What the task asks:
In your copy, repeat each record exactly and include no pictures.

(Records excerpted from a collection)
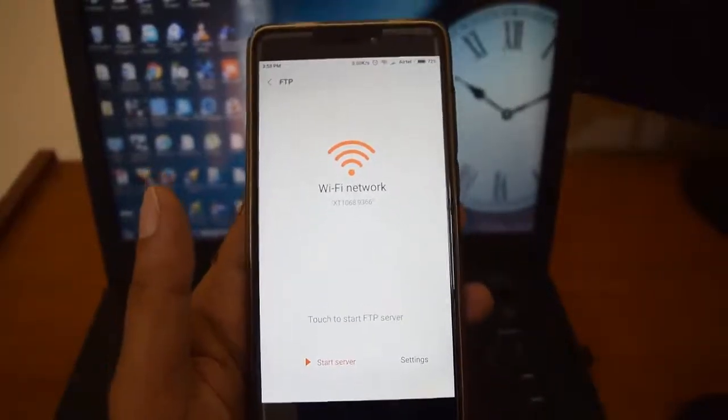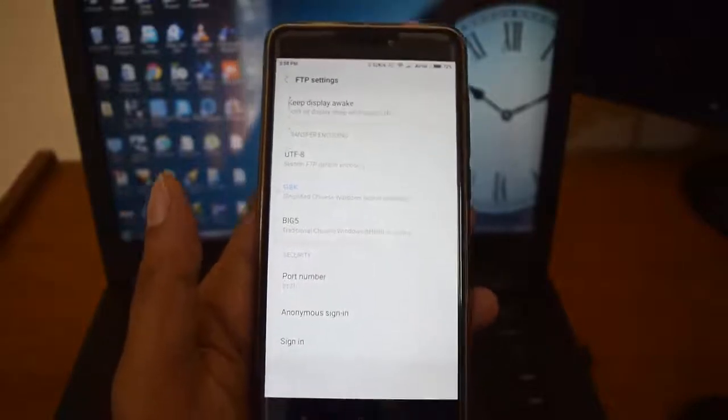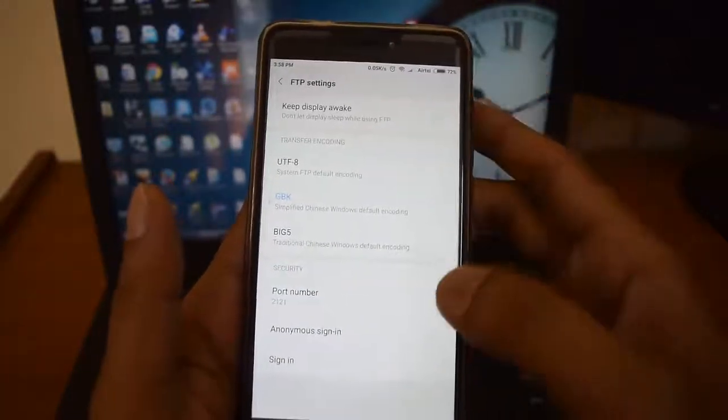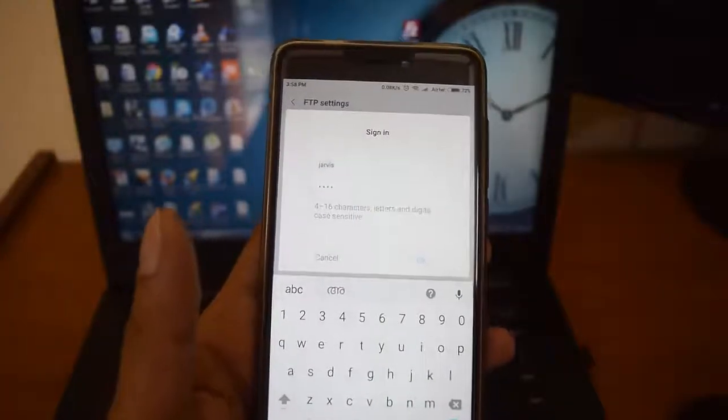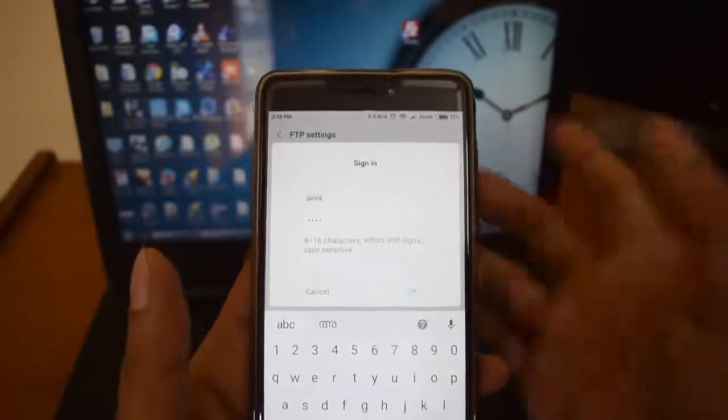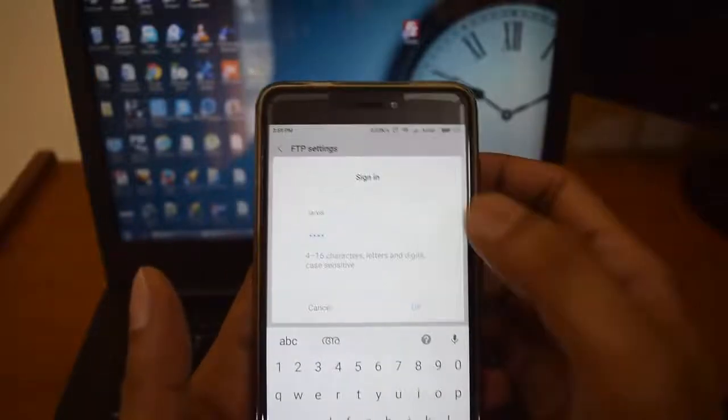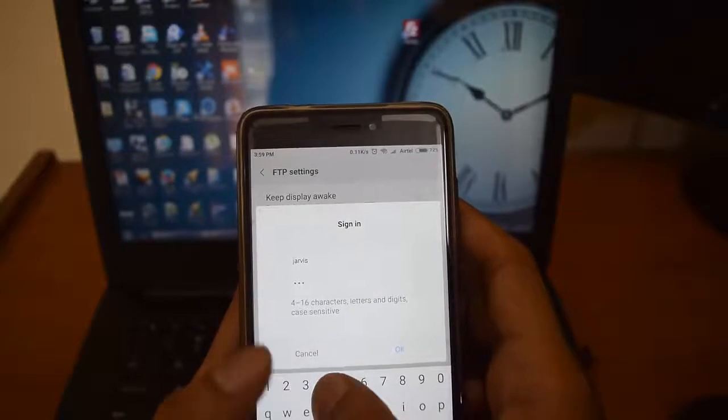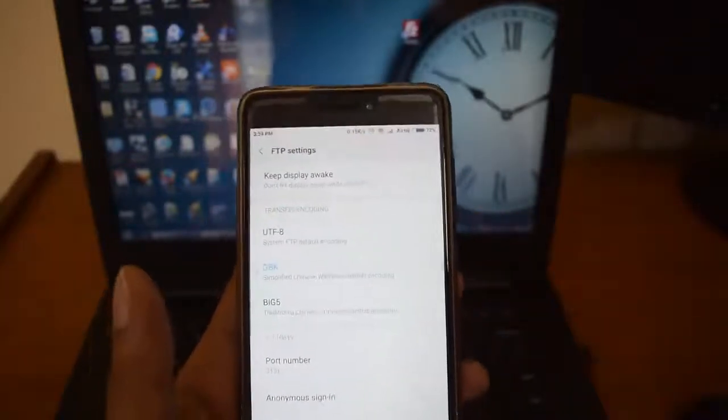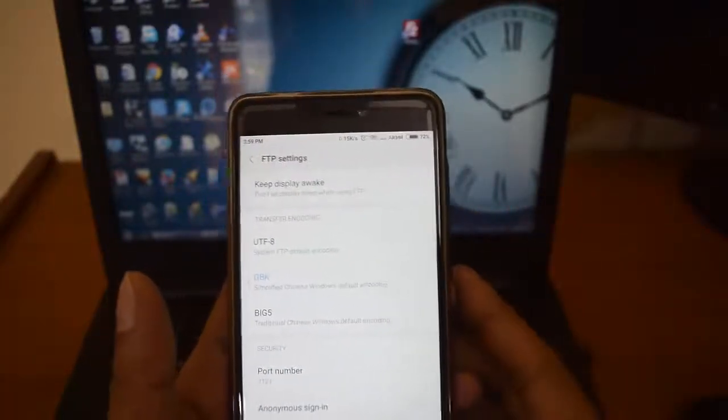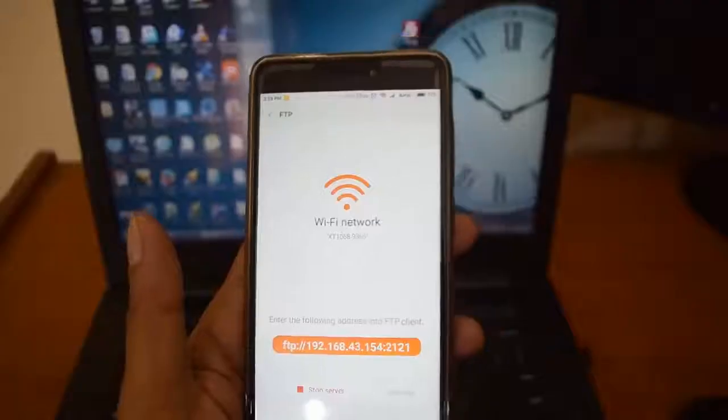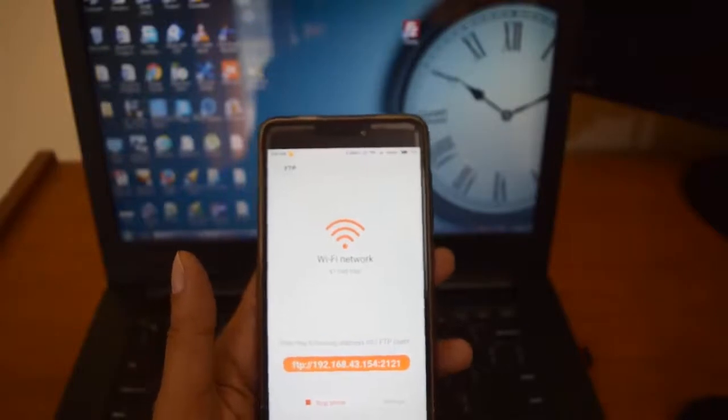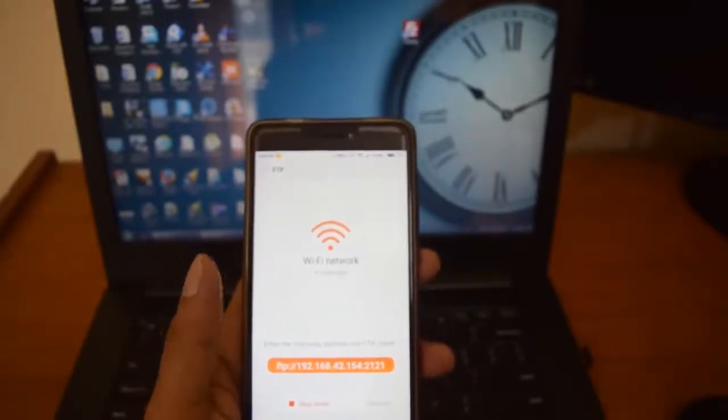Once you open this FTP, go to settings. Inside the settings, sign in with a random name and password. I have given it as 1234. That's the only thing we have to do. Again, start the server. Once you start the server, you will get this IP and the port number.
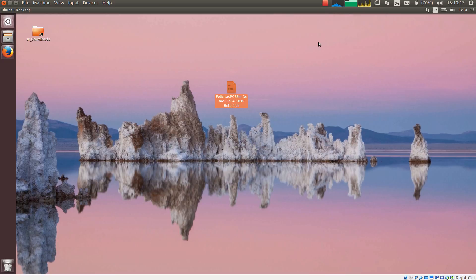This is Heinz Hornung speaking, CEO of Felicitas Customized Engineering. With this short video I will demonstrate how to install the Linux version of Felicitas PCB SIM.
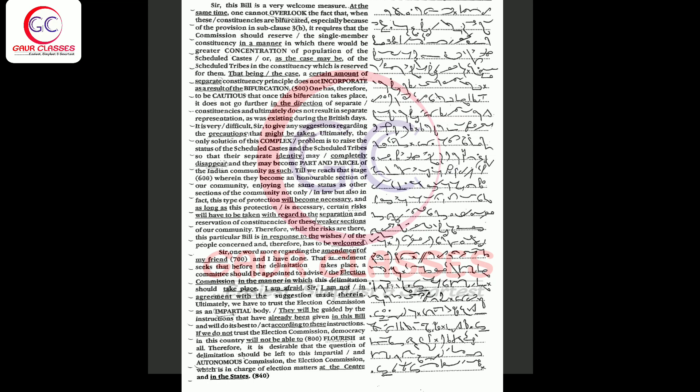If we do not trust the election commission, democracy in this country will not be able to flourish at all. Therefore, it is desirable that the question of delimitation should be left to this impartial and autonomous commission, the election commission, which is in charge of election matters at the center and in the states.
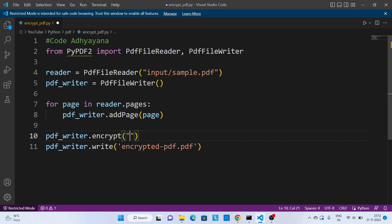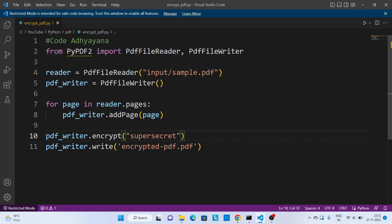And over here we need to pass the password. I'll say 'super secret'. Save this one.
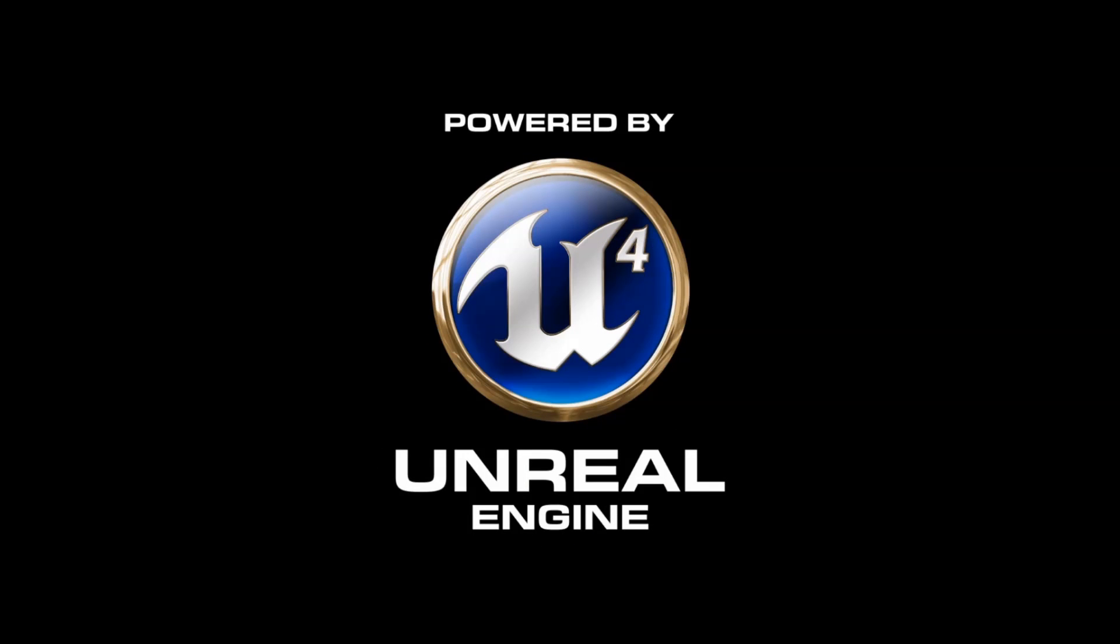Hey guys, in this tutorial we're going to change the fire rate for the starter weapon in the FPS blueprint.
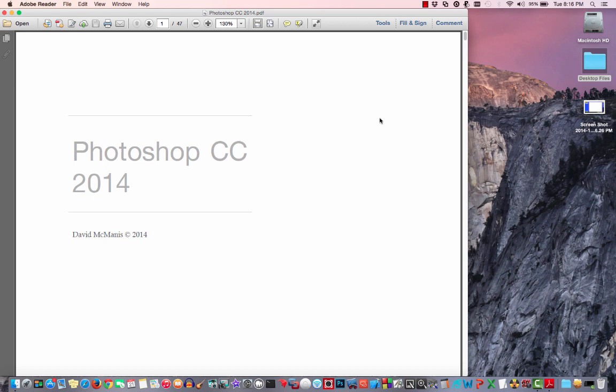Today I want to take a second and describe a common printing problem with Adobe Reader. As you can see, I've got Adobe Reader open with a Photoshop document that I created, which is why my name is here.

Result for this exercise:
Once you open this FTP, go to settings. Inside the settings, sign in with a random name and password. I have given it as 1234. That's the only thing we have to do. Again, start the server. Once you start the server, you will get this IP and the port number.
This is Heinz Hornung speaking, CEO of Felicitas Customized Engineering. With this short video I will demonstrate how to install the Linux version of Felicitas PCB SIM.
If we do not trust the election commission, democracy in this country will not be able to flourish at all. Therefore, it is desirable that the question of delimitation should be left to this impartial and autonomous commission, the election commission, which is in charge of election matters at the center and in the states.
And over here we need to pass the password. I'll say 'super secret'. Save this one.
Hey guys, in this tutorial we're going to change the fire rate for the starter weapon in the FPS blueprint.
Today I want to take a second and describe a common printing problem with Adobe Reader. As you can see, I've got Adobe Reader open with a Photoshop document that I created, which is why my name is here.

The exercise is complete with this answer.